RP Data shows Australian housing bubble out of control – RBA warns house prices ‘can fall and have fallen’

As widely feared, Chinese appetite for Sydney and Melbourne real estate has caused house prices to surge in Australia at the fastest pace since records started 18 years ago.

According to data released today from RP Data, Sydney house prices have increased at an unsustainable 15.6 per cent year on year, followed by Melbourne at 11.6 per cent. Both Sydney and Melbourne left the rest of the country for dead and together, helped push up the combined capitals by 10.6 per cent.

On the weekend, under the headline House prices enter danger zone, the Australia Financial Review warned “House price growth picked up again this month and expected further increases risk pushing prices into the danger zone that previously has led to a market correction.”

The AFR warned, “Australia has now overtaken Canada as the most stretched housing market among English-speaking countries.”

With such a large bubble at hand, both the Australian Government and the Reserve Bank are now sitting on their hands – like a stunned mullet. Neither want to be blamed for doing something that will tip an increasingly unstable system, plunging Australia into a significant recession. Both would rather let surging unemployment or a China hard landing do the unpopular dirty work for them.

Canada is one of three countries in the world with negative gearing and until recently held the record for the largest housing bubble in English speaking countries, dethroned now by Australia. It has recently axed an immigration visa allowing Chinese to snap up its real estate citing it posed significant economic stability risks.
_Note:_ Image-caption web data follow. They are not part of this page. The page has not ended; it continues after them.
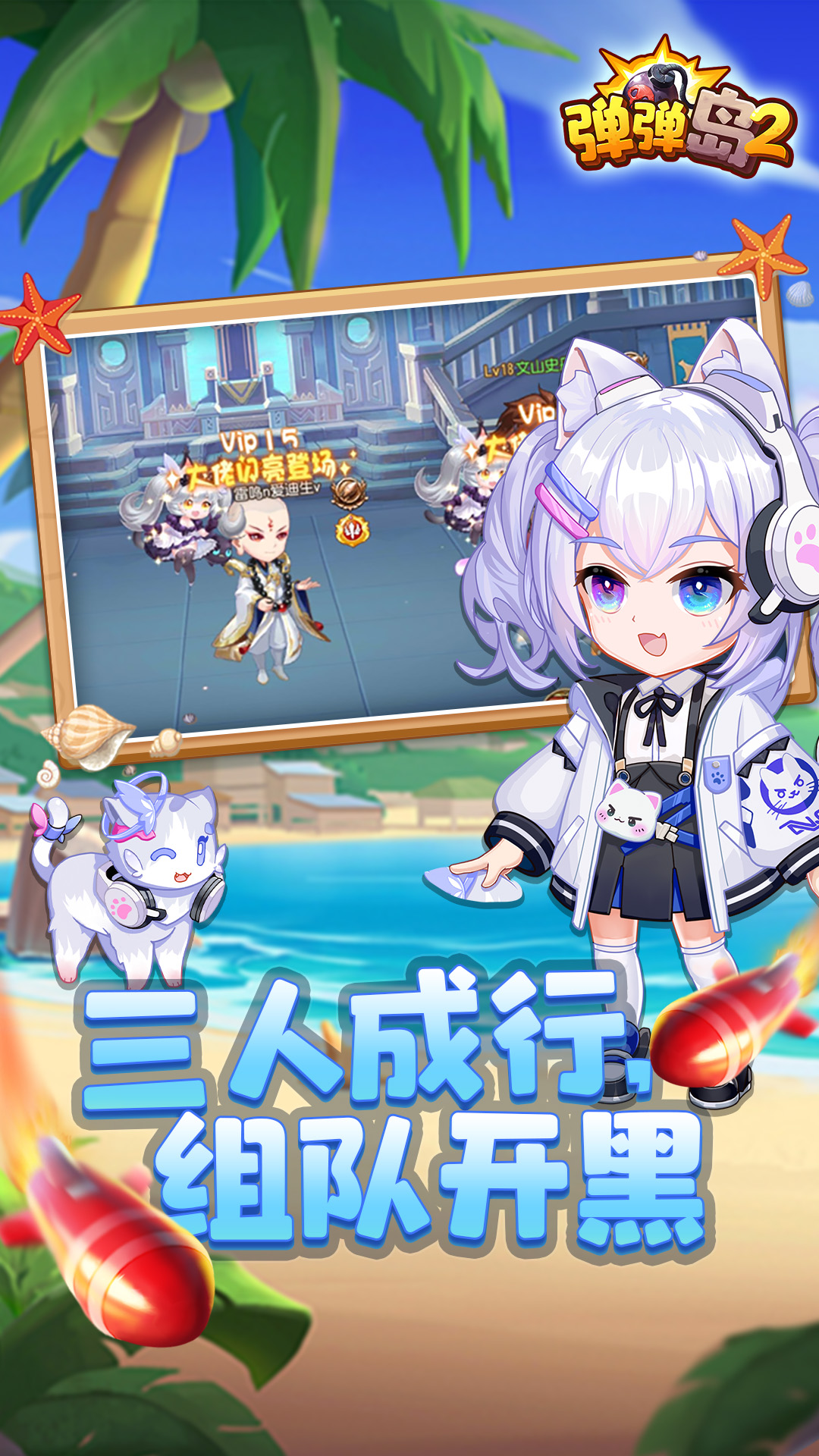 弹弹岛2截图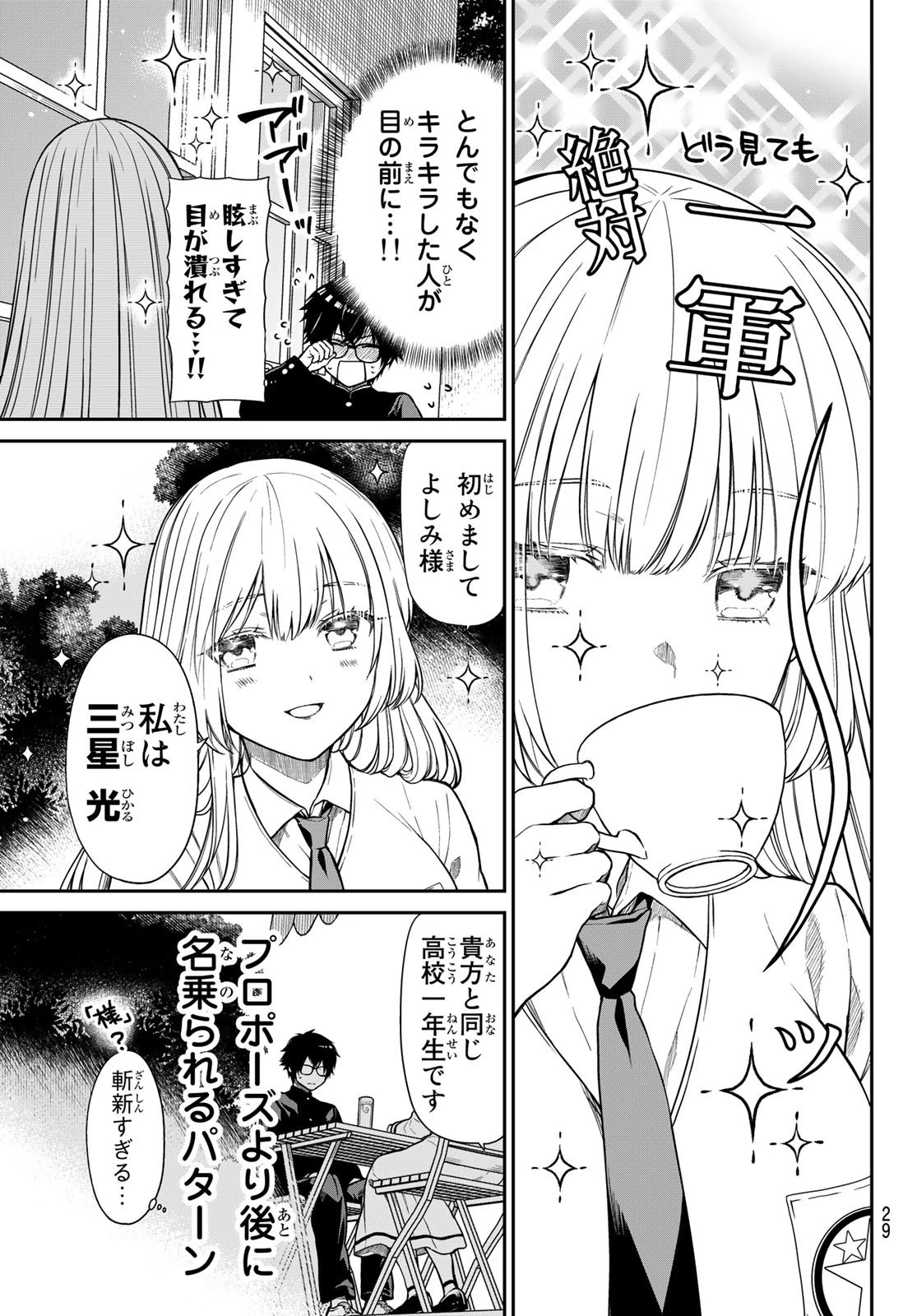 きらぼしお嬢様の求婚 第1話 - 6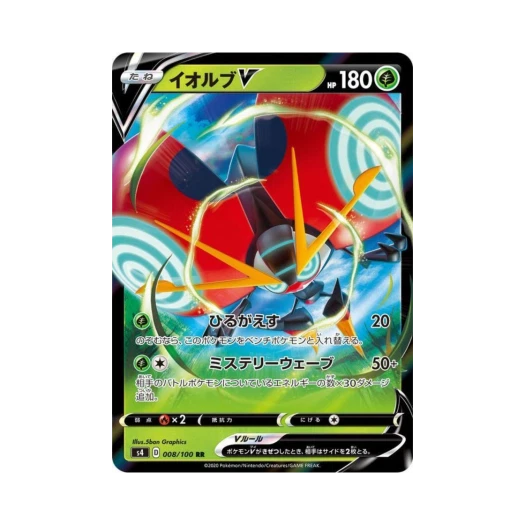 포켓몬 TCG 이올브 V RR 앙천의 볼트태클 (일어판)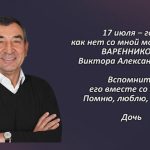 Вспомним 17 июля 1.mp4_snapshot_00.25_[2026.07.17_15.30.42]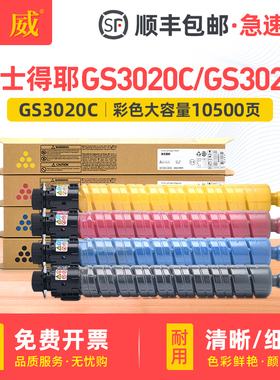 适用基士得耶GS3020C墨粉盒Gestetner GS3025C GS3030C粉盒GS4020C GS4025C硒鼓墨盒碳粉 复印复合机粉筒墨粉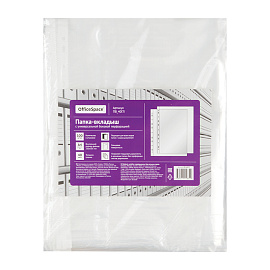 Папка-вкладыш с перфорацией (файл) OfficeSpace А4, 40мкм, глянцевая фото Папка-вкладыш с перфорацией (файл) OfficeSpace А4, 40мкм, глянцевая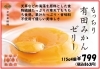もっちり有田みかんゼリー「和歌山・早和果樹園の“もっちり有田みかんゼリー”入荷！産地直送のやさしい美味しさ」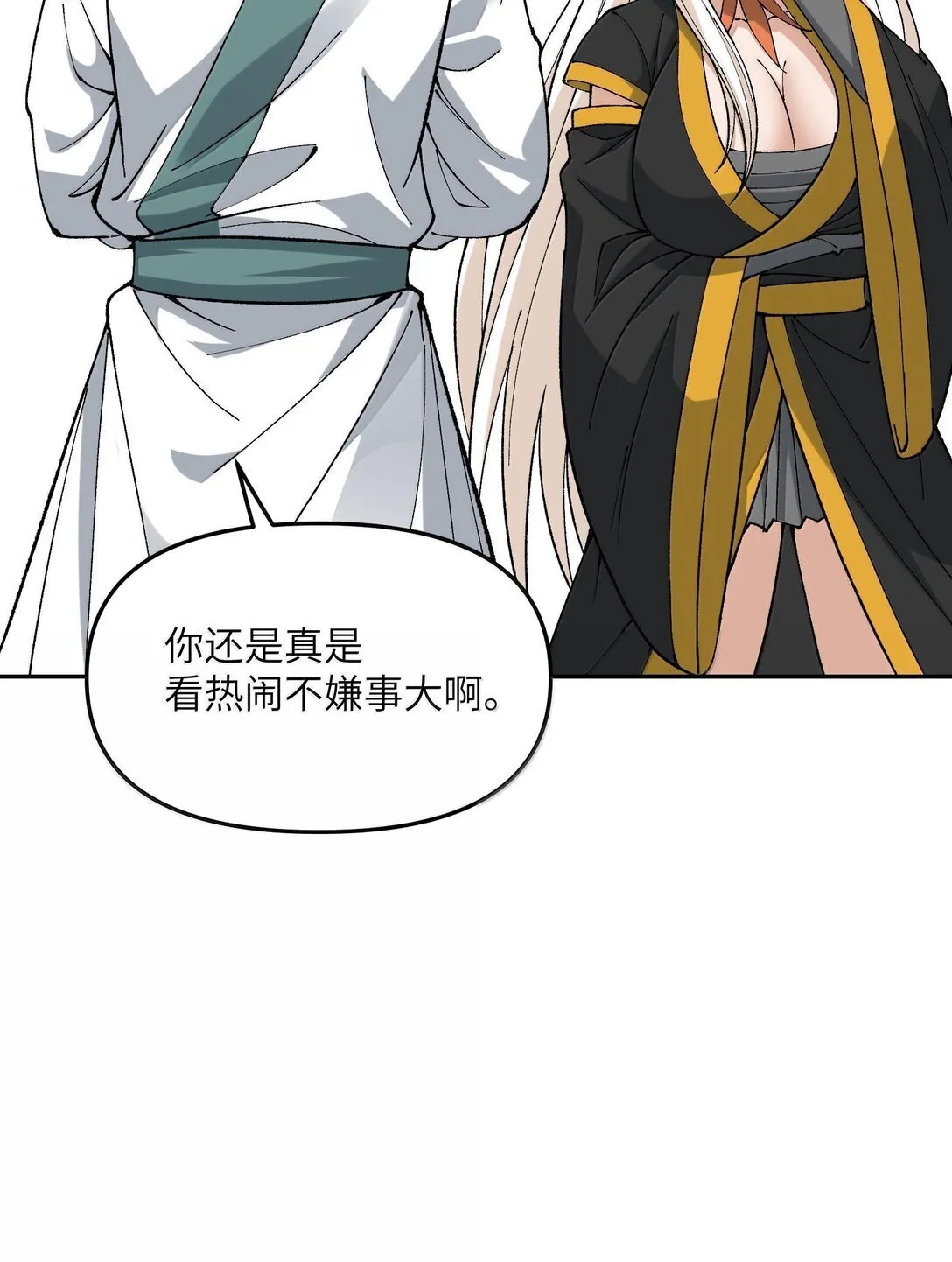91 我帮吾主击败你！2
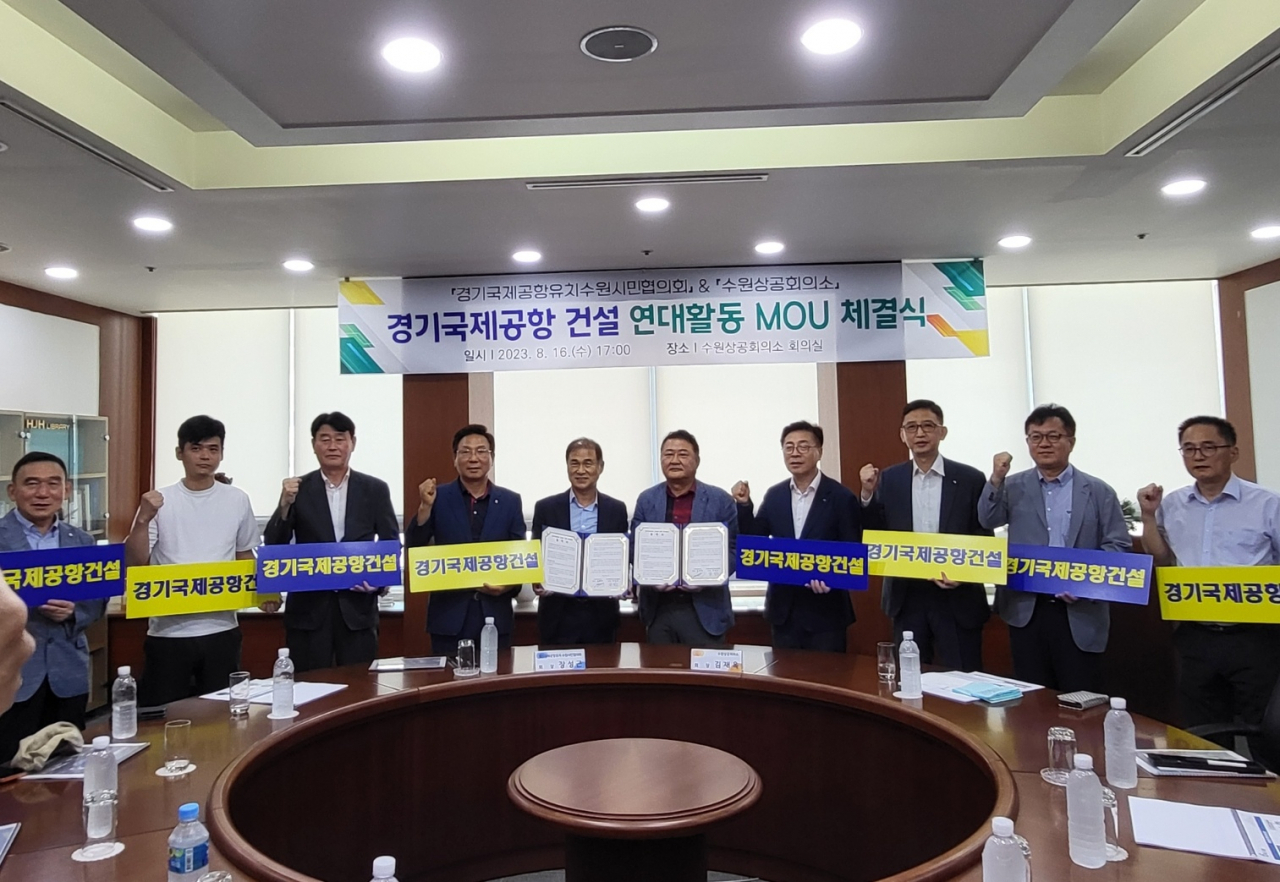 [경기국제공항유치수원시민협의회 제공]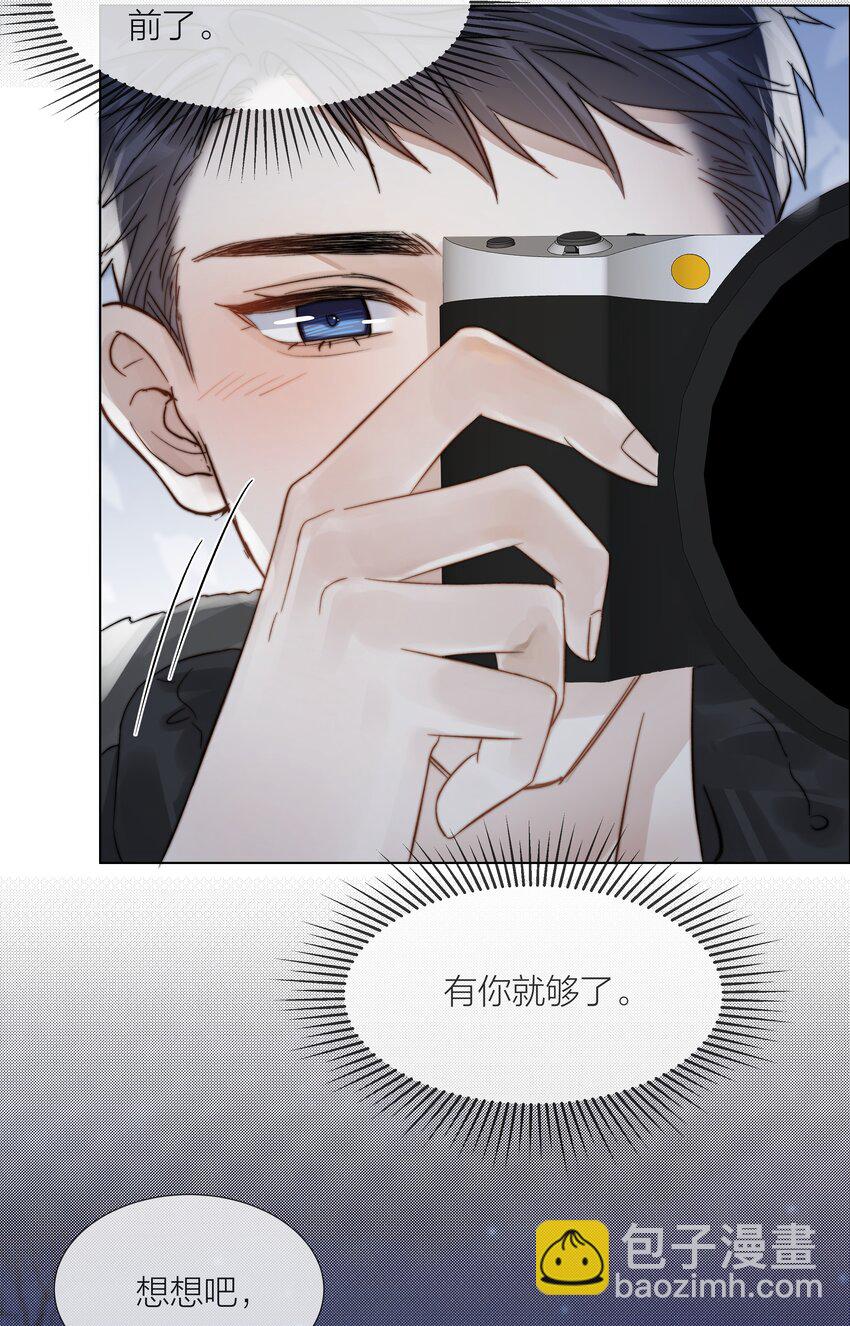 061 十八岁的礼物-第62话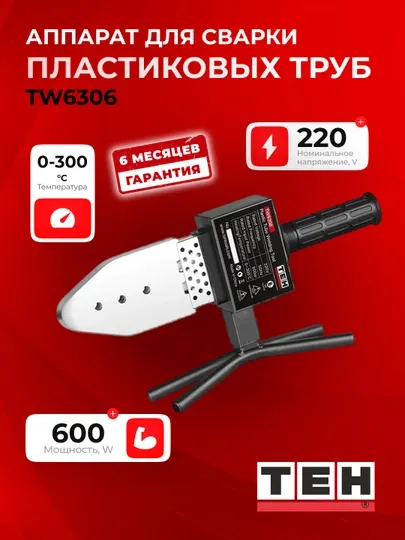 Аппарат для сварки пластиковых труб ТЕН TW6306 600 Вт, 220 В, 0–300 °C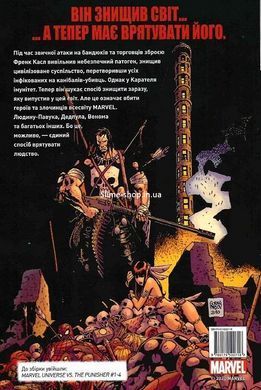 Комикс Вселенная MARVEL против Карателя (на украинском языке)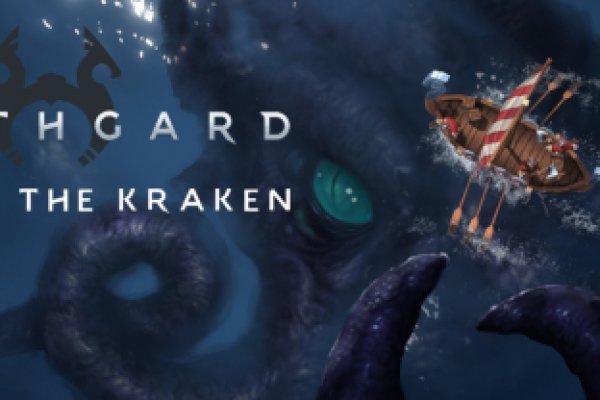 Kraken 17 at net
Prior to making the decision, the Canadian Government opted to prudently freeze the visas while it carried out the 2 year inquiry.

The Abbott Government last month has asked the House Standing Committee on Economics to carry out a similar inquiry, widely seen as window dressing – demonstrating to the increasingly concerned Australian public that it is actually doing something, while allowing foreign investors to continue to flood the market. Many believe it is simply delaying tactics, with a final report due on the 10th October 2014. Any recommendations could take months to implement, if a decision is made at all.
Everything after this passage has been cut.